Caroline Braga, Lígia Morais e Marina Spada

Sentaram-se à mesa de almoço em Paris, no dia 30 de novembro, 150 líderes mundiais que participariam das discussões de um novo acordo global do clima, na Conferência das Nações Unidas sobre Mudanças Climáticas. Durante a preparação do cardápio, Laurent Fabius, ministro francês das Relações Exteriores e presidente da COP 21, antecipava: “Será um almoço que fará jus à excelência ecológica e excelência gastronômica francesas”. Sobre a mesa, produtos locais, na maioria orgânicos. A Conferência, que se estendeu até o dia 12 de dezembro, firmou compromissos de redução da emissão de gases causadores do efeito estufa (GEE) – e a produção de alimentos é setor relevante a ser considerado.

O Brasil está entre os dez maiores emissores de gases estufa. Em agosto deste ano, o Observatório do Clima publicou relatório que indicava a agropecuária como diretamente responsável por 30% do total de emissões do país – sendo que, segundo o IBGE, o Brasil possui o segundo maior rebanho bovino do mundo, atrás apenas da Índia.
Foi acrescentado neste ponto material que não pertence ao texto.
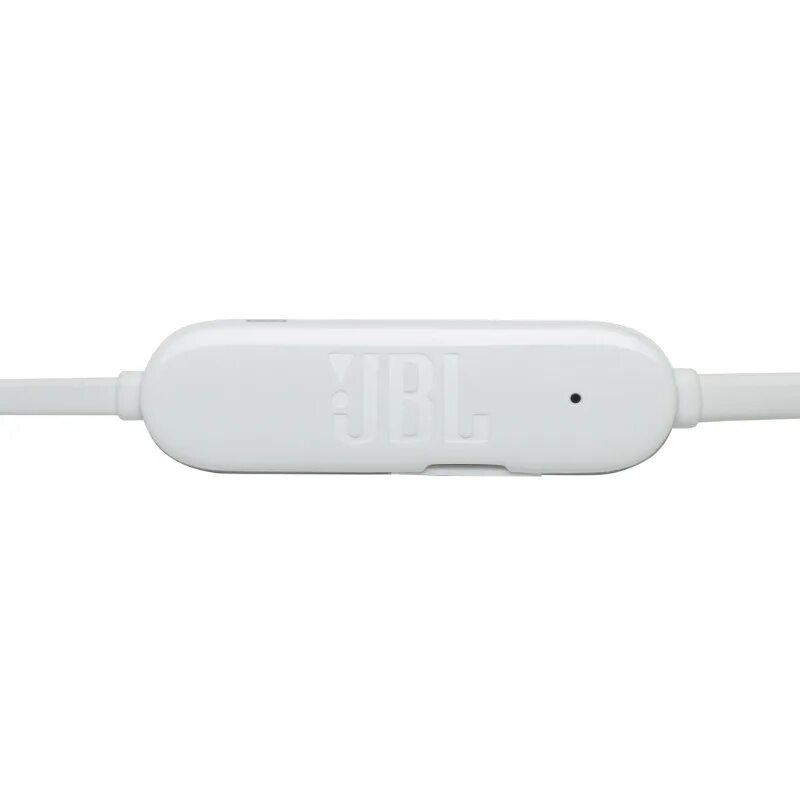 JBL Tune 175bt. JBL Tune 175. JBL Tune 175bt микрофон. Наушники JBL 175bt. Tune 175bt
Considerando o período de 1970 a 2013, as emissões do setor aumentaram 160%. Apesar do avanço econômico, esse crescimento, segundo a análise do Observatório, implica maior preocupação à respeito dos problemas ambientais causados pelo setor de produção animal – como a emissão de metano pelo gado, o uso de fertilizantes nitrogenados e o excesso de dióxido de carbono (CO2) liberado na atmosfera pelo desmatamento para expansão agrícola; além da poluição dos recursos hídricos, da degradação dos sistemas ambientais e da degradação do solo.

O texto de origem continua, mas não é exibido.